Eduardo Rodriguez, C
He’s averaging 5-⅔ innings per start, which is encouraging, and MLB hitters continue to struggle hitting anything hard off the hard-throwing left-hander. His average exit velocity of 86.4 mph ranks him in the top 12 percent of MLB pitchers this year. But he’s not getting timely outs when he needs them and too often lets big innings get the best of him, thus a 4.65 first-half ERA.
Hector Velazquez, D
We have a soft spot for pitchers who aren’t given any sense of comfort or routine, and Velazquez has been roped back and forth in the rotation and the bullpen all year. On one occasion in April, he threw 33 pitches out of relief on a Thursday, then started on the mound that Sunday. A week later, he pitched out of relief on a Saturday and started two days later on Monday. The Red Sox were underprepared to start the year and asked Velazquez to bail them out. Instead, he’s had injury problems and is nursing a 5.65 ERA.
Matt Barnes, B
He looked like a sure-fire All-Star to start the year, striking out almost half the batters he faced while holding a 1.99 ERA on June 1. It’s been all downhill since then: 14⅓ innings, 8.79 ERA, .276 opponents average, 11 walks, 26 strikeouts.
Marcus Walden, B
See Barnes, Matt. Walden started the year looking like a hidden gem, with a 1.91 ERA on June 4. Since then: 12⅔ innings, 8.53 ERA, .351 opponents average, five walks, 16 strikeouts.
Brandon Workman, A
The only consistent and reliable reliever all year, Workman has done it by throwing his curveball a career-high 48 percent of the time. He doesn’t seem to care about walking guys (28 in 40⅓ innings). But he’s allowed just 14 hits and has a 1.79 ERA.
Ryan Brasier, C
The feel-good story has come to an end. An out-of-nowhere surprise in 2018, Brasier has looked hittable all year. His fastball velocity is a bit down and the pitch is getting hit to the tune of a .268 average and .495 slugging percentage.
Colten Brewer, D
His stuff plays, the Sox have said all year. Brewer ranks among the league’s best in spin rates and fastball velocity. But his command is wild, he walks too many guys and the results haven’t been there: 4.70 ERA, 1.77 WHIP.

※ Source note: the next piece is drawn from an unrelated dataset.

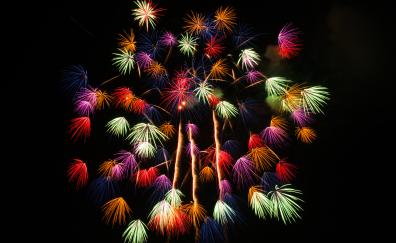 Fireworks, sparks, celebration, colorful sky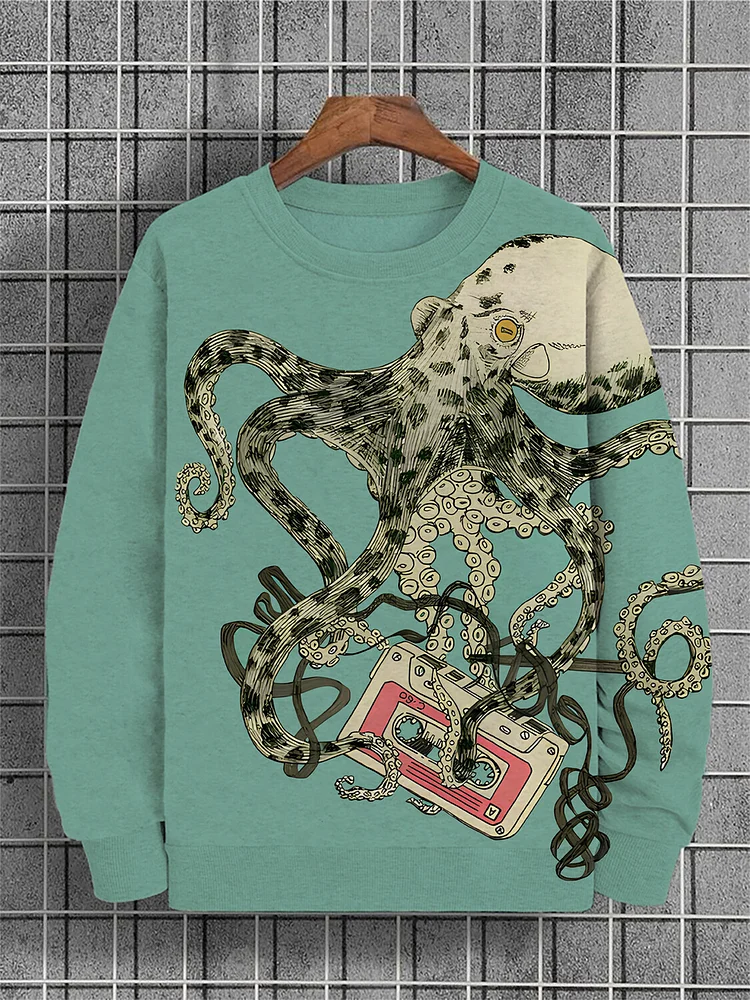 Men's Ocean Octopus Music Tape Print Casual Sweatshirt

Incomplete: Heath Hembree, Nathan Eovaldi, Ryan Weber, Josh Smith, Josh Taylor, Brian Johnson, Mike Shawaryn, Travis Lakins, Steven Wright, Darwinzon Hernandez, Bobby Poyner, Erasmo Ramirez, Trevor Kelly.
Dave Dombrowski, F
Since the World Series ended, there’s not a single positive decision from him to point to. His first move of the offseason was to re-sign 36-year-old Steve Pearce, who has a .180 average, .503 OPS and is out indefinitely with knee problems. It’s $6.5 million down the tank on a platoon first baseman, one they picked up for nothing via trade last summer. A clear misevaluation. Then Dombrowski committed $68 million to the oft-injured Nathan Eovaldi, who has made four starts with a 6.00 ERA and underwent elbow surgery. He’s now dealing with biceps tendinitis and will try to come back as a closer. Whether he succeeds or fails, he’ll be the fifth-most expensive closer in the game at $17 million per season. Dombrowski’s final move of the winter was to trade for Colten Brewer (4.70 ERA). Even the minor league signings disappointed; none has contributed with success in the majors. And now he needs the Eovaldi transition to work out, plus a few impactful trades, to save the Red Sox’ season.
Alex Cora, C
The spring training plan for the starting pitchers was a total disaster that resulted in lower velocities across the board. The rotation ended April with a 5-14 record and a 5.39 ERA, putting the overworked bullpen in a bind from the start. Will it pay off in September/October? And if the manager/coaching staff is to get credit when players have career years, the same must be taken away when players regress below their averages, such in the cases of Betts and Benintendi, who did not succeed when Cora switched their position in the lineup. Cora has remained loyal to his player-friendly managerial style that worked so well last year, and this grade can flip quickly if he’s able to turn the season around in the second half.